A much-needed resource

Llorens trained at the Children’s Hospital of Pittsburgh of UPMC, intending to return home to Puerto Rico eventually. “When [the hospital] recruited me, I let them know of my interest in developing a pediatric interventional radiology service” in Puerto Rico, he said.

Today, when a child is determined to be a candidate for a procedure, Llorens first has to make sure that he has the right equipment and that the interventional suite at the adult hospital is available. These hurdles often mean delays in diagnosis and treatment.

Direct Relief provided a $1.6 million grant to the Pediatric Hospital Foundation to construct a Pediatric Interventional Radiology Unit. It will be the first one in Puerto Rico – and the Caribbean.

The new unit “will elevate patient care to national standards,” Llorens said.

Dr. Carlos Llorens. (Courtesy photo)
Dr. Carlos Llorens. (Photo by Wanda Liz for Direct Relief)

HOPU, the only public children’s hospital on the island, will be home to the unit. The hospital serves 8,500 patients annually, from infancy to age 21. Most patients are from low-income households and qualify for Medicaid. Because it is the only medical institution on the island that can provide 24/7 sub-specialty care and houses a pediatric dialysis center, it receives patient referrals from all over Puerto Rico.

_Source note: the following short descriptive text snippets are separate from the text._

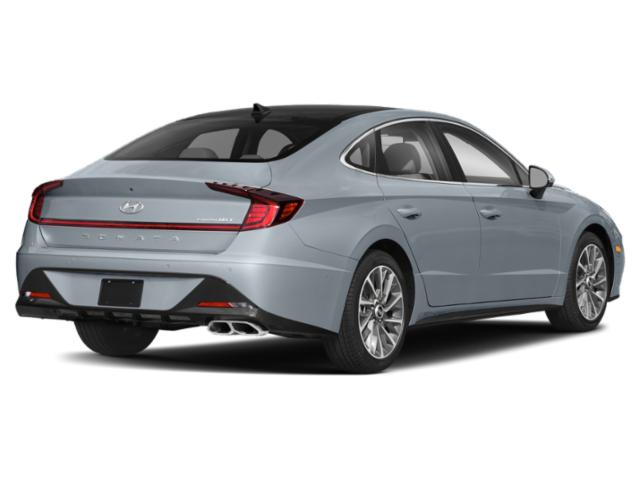 2021 Hyundai Sonata Limited 2021 Hyundai Sonata Limited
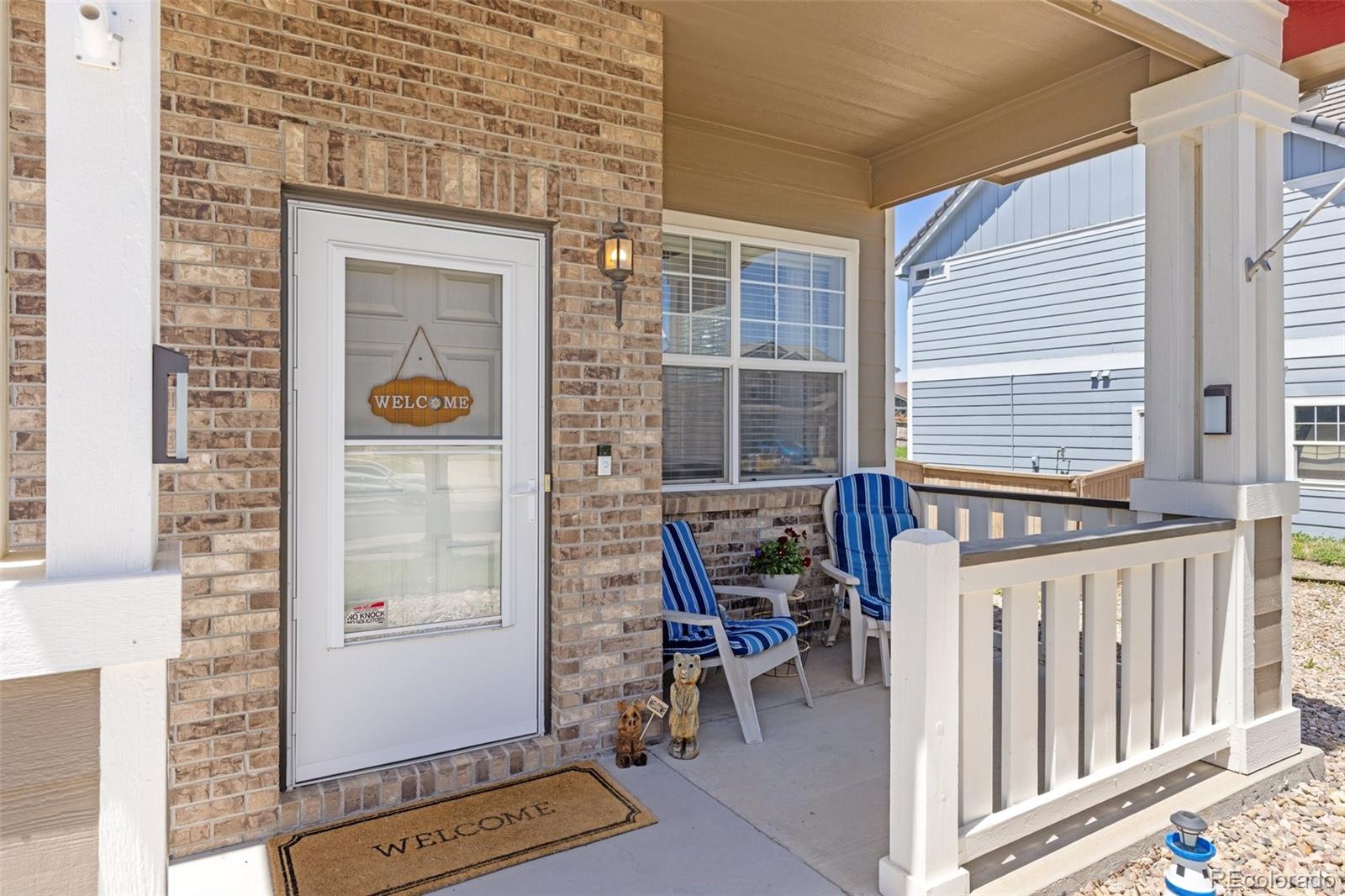 MLS Image #3 for 217  peabody street,castle rock, Colorado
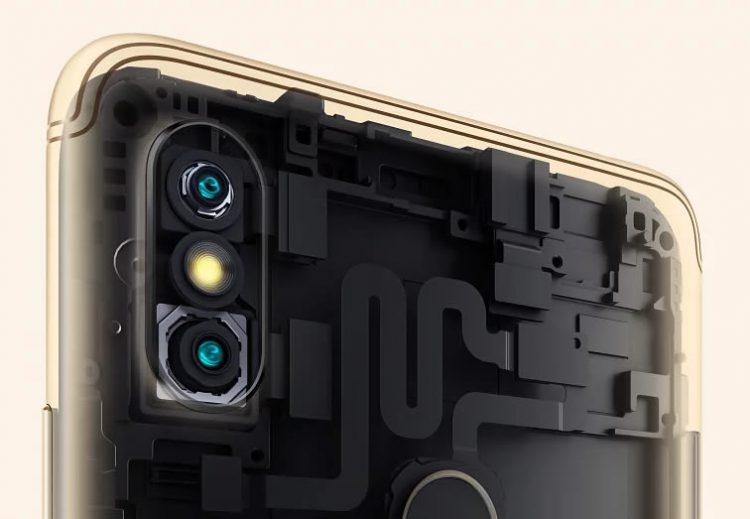 ไม่ต้องรอเปิดตัว!! Xiaomi Redmi S2 โผล่บนร้านค้าออนไลน์ เผยสเปก รูปภาพ และ ราคา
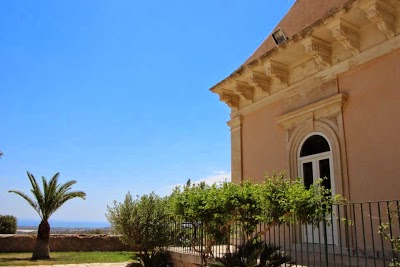 Torre del Mare, Ispica, Italy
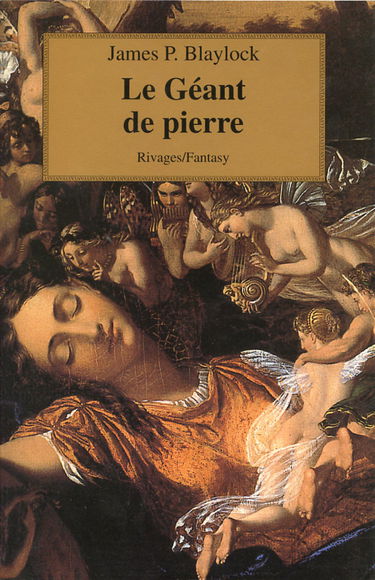 Le géant de pierre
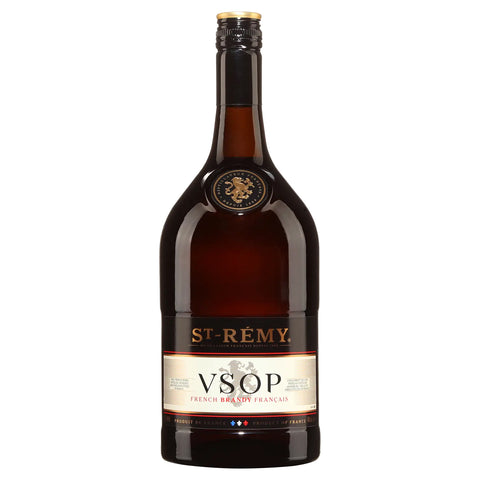 St-Rémy VSOP 1.14L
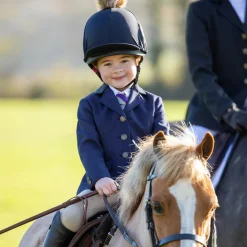 Aubrion Aston Children's Jacket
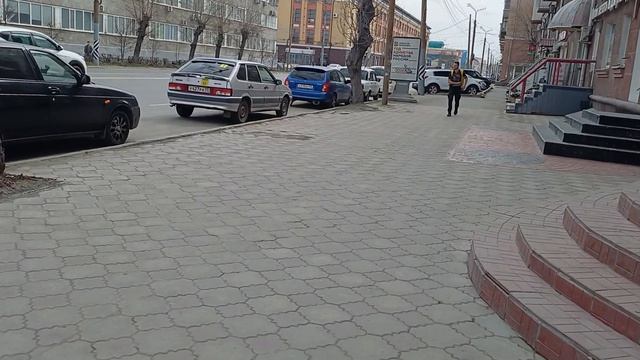 Поехала на брови          23-04-2026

Treating pediatric patients in a unit dedicated to their care will dramatically reduce stressors that children and their families experience while receiving care in an adult hospital environment, such as being surrounded by strangers or needing nurses trained in pediatric care.

New opportunities

Puerto Rico doesn’t lack interventional radiologists. But none of them specialized in pediatrics before Lloren arrived. Now, a unit devoted to caring for children is a necessity.

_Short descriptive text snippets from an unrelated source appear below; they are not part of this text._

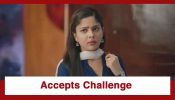 Tumm Se Tumm Tak Upcoming Twist: Anu accepts Harsh’s challenge; ready to undertake a makeover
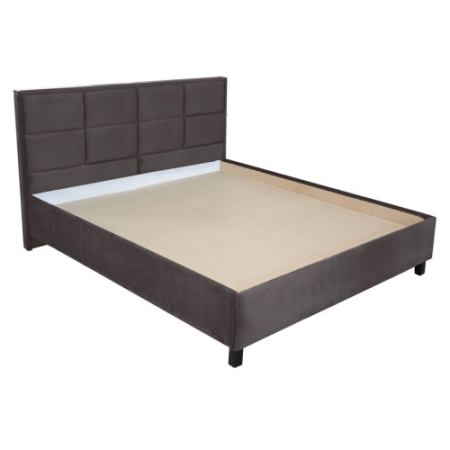 Paturi - Pat Soft Tapitat 160 x 200 M20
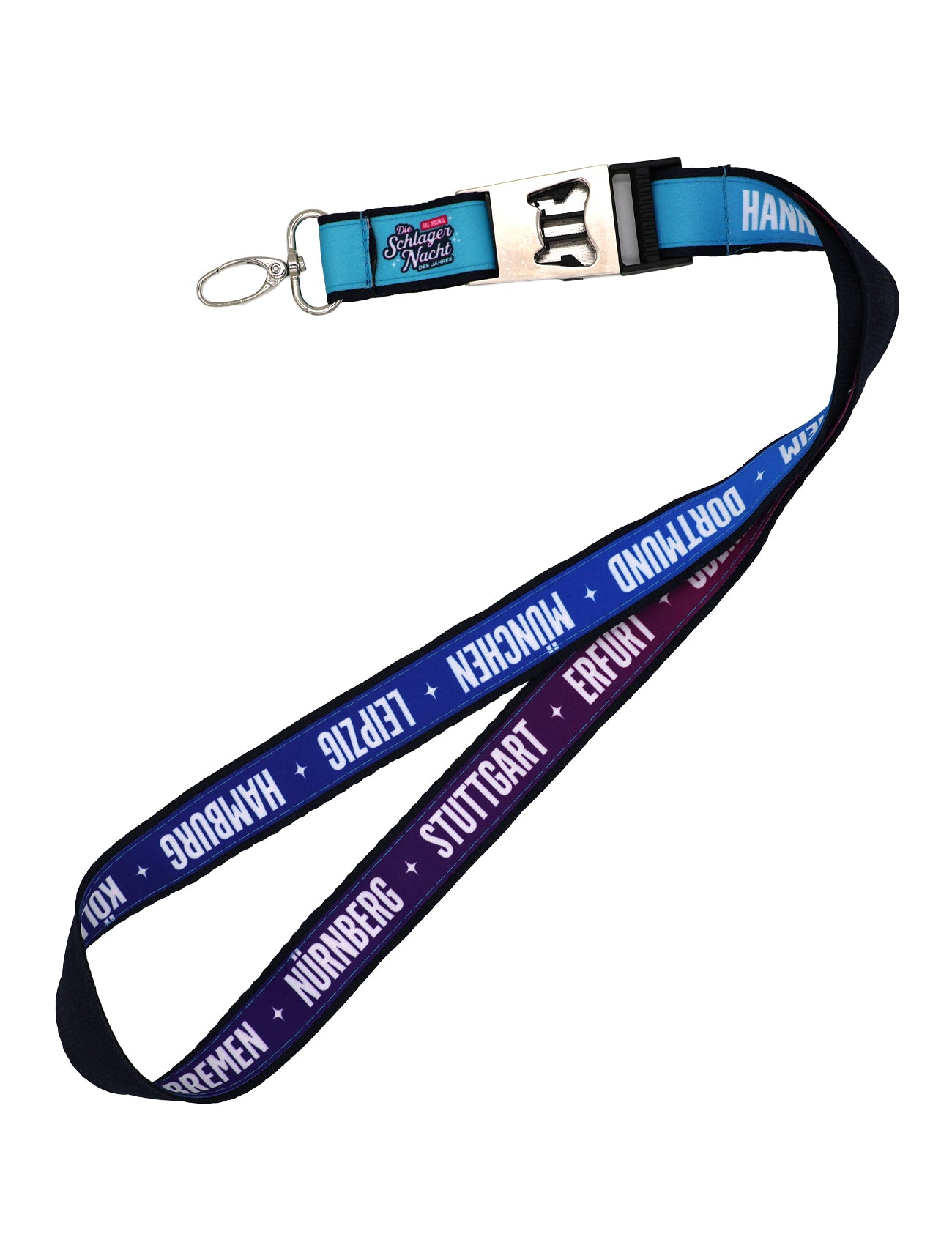 Lanyard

“Being able to offer this service provides an added value to the health of pediatric patients in Puerto Rico,” said Dr. Francisco Arraiza, an interventional radiologist and board member of the Pediatric Hospital Foundation.” He explained that the unit would mean a faster recovery time for patients – and lower cost since children won’t have to stay as long in the hospital.

Rebeca Quiñones, executive director at the Pediatric Hospital Foundation, indicated that the new pediatric interventional radiology unit would position the hospital as a state-of-the-art medical facility with “world-class advanced medical technology.”

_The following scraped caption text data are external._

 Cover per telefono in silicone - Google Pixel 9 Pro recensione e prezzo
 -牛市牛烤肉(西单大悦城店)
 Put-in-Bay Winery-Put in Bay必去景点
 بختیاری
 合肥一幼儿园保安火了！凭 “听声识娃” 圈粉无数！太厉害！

There’s more reason to be hopeful. HOPU serves as the pediatric teaching hospital for the University of Puerto Rico’s School of Medicine and trains physicians in several disciplines. Doctors are optimistic that the new unit will appeal to other pediatric interventional radiologists who might practice or train on the mainland but be interested in returning home.

The unit may also help Puerto Rico prevent more doctors and other health workers from leaving the island, as they have in significant numbers in recent years.

Arraiza also thinks the state-of-the-art new addition could elevate medical tourism in Puerto Rico, providing an economic boost. Due to the island’s geographical position, “we could become a medical hub, and provide treatment to neighboring islands” in the Caribbean, he said. “If you build it, they will come.”